CRS Report: The state of campaign finance policy

These CRS Reports are always helpful in summarizing recent cases and FEC activity, especially for those who aren't experts in the area.


Both minor and major changes have occurred in campaign finance policy since 2002, when Congress last substantially amended campaign finance law via the Bipartisan Campaign Reform Act (BCRA). More recently, the Supreme Court’s 2010 ruling in Citizens United v. Federal Election Commission and a related lower-court decision, SpeechNow.org v. Federal Election Commission, arguably represent the most fundamental changes to campaign finance law in decades. During the 111th Congress, the House responded by enacting the DISCLOSE Act (H.R. 5175; S. 3295; S. 3628). The Senate has, thus far, declined to do so.

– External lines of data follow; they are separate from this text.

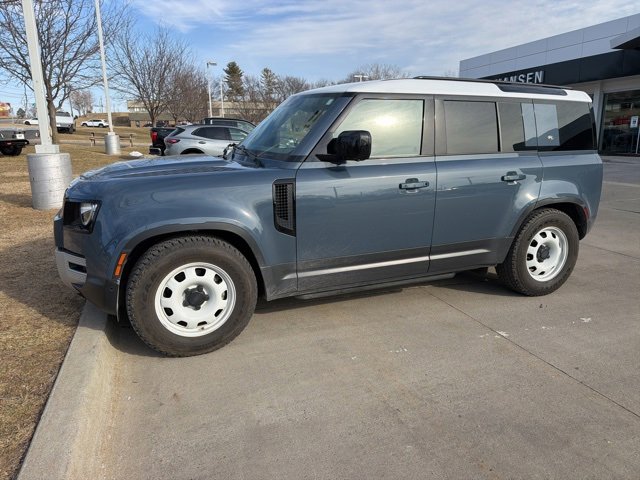 Used 2022 Land Rover Defender 110 S
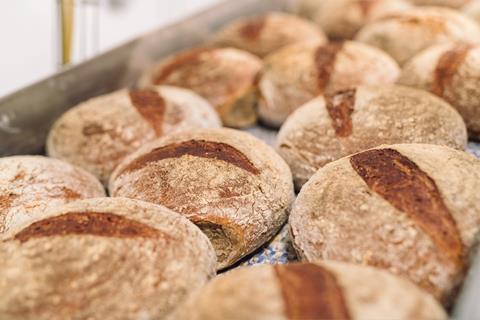 Finsbury Food Group - Loaves on a production line - 2100x1400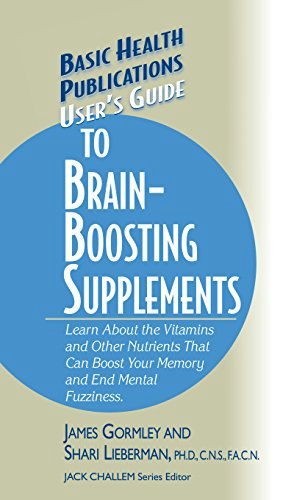 User's Guide to Brain-Boosting Supplements: $5.39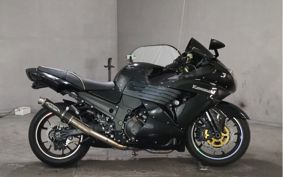 KAWASAKI ZZR1400 2008 ZXT40C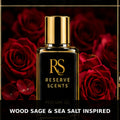 Wood Sage & Sea Salt Inspired Perfume Oil | Reserve Scents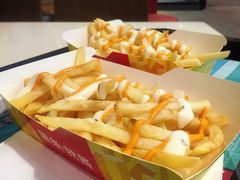 -麦当劳(世贸店)
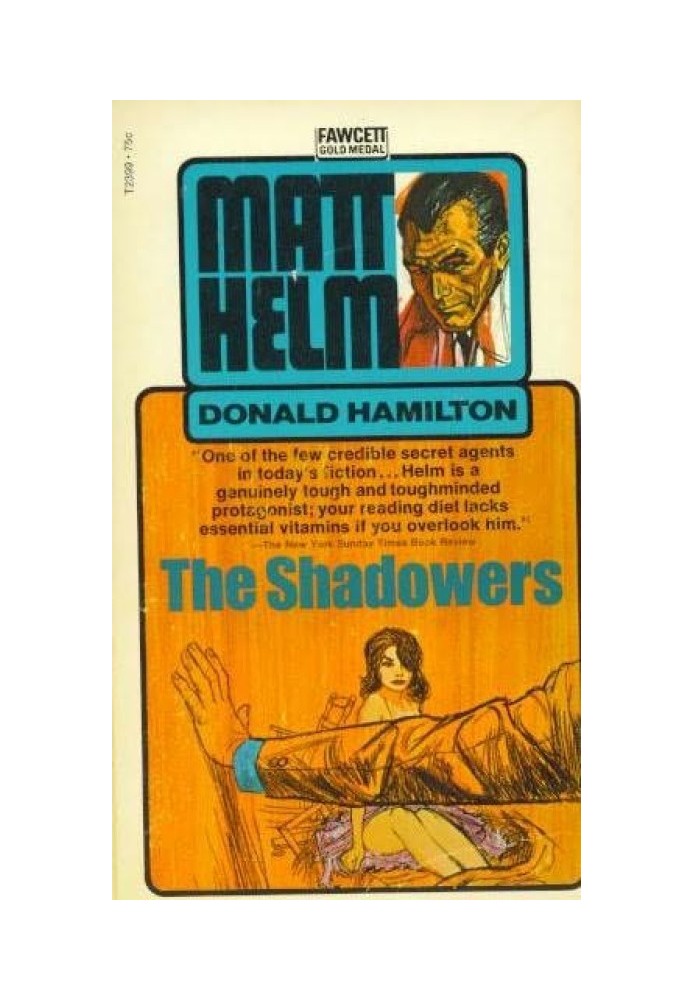 Book The Shadowers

Fundraising and spending in the 2010 election cycle suggest that previously prohibited sources and amounts of funds will continue to be a factor in federal elections. Activities by independent expenditure-only political action committees (commonly called super PACs) and tax-exempt organizations that are typically not political committees (e.g., many Internal Revenue Code 501(c) and 527 organizations) may be particularly prominent.

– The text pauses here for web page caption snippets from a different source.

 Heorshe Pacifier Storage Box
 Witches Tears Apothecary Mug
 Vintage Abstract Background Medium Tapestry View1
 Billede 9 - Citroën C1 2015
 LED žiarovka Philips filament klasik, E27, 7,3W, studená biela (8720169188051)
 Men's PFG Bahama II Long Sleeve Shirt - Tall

Despite these recent developments, some traditional aspects of campaign finance policy, such as disclosure requirements and most contribution limits, remain unchanged. Issues such as the presidential public financing program and the Federal Election Commission may require congressional attention regardless of more recent developments. In addition, the Supreme Court will continue examining campaign finance issues during the 112th Congress. Arizona Free Enterprise, et al. v. Bennett and McComish v. Bennett appear to be most relevant for state-level policy, but might also affect federal campaign finance law or legislation in Congress.